YOUR TASK: Everything from the line containing "Základní škola Skřečoň" through the line containing "ビブリス原子力発電所（ドイツ）、ブロック A（右） - ブロック B（左）" in the listing below should be copied exactly, and nothing more.

EXERCISE INPUT:

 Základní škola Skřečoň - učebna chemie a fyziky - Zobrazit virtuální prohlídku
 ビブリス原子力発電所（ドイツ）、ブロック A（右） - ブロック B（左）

...

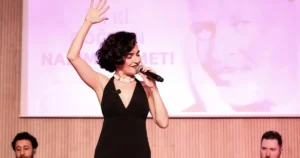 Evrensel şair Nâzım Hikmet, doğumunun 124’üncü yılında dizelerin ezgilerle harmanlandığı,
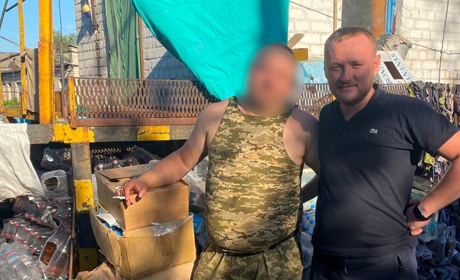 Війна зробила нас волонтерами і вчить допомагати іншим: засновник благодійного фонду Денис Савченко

---

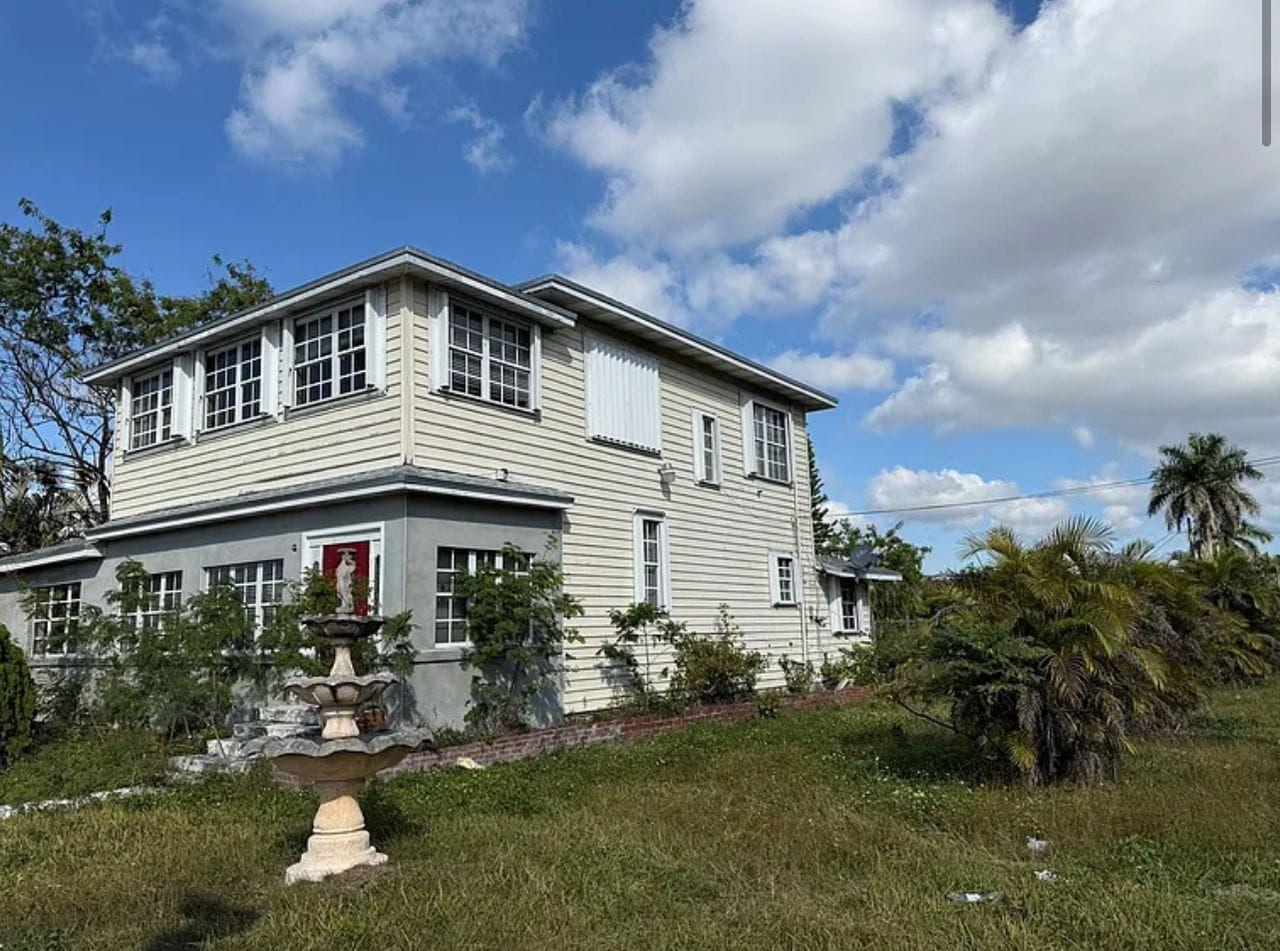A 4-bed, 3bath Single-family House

ANSWER TO THIS EXERCISE:
 Základní škola Skřečoň - učebna chemie a fyziky - Zobrazit virtuální prohlídku
 ビブリス原子力発電所（ドイツ）、ブロック A（右） - ブロック B（左）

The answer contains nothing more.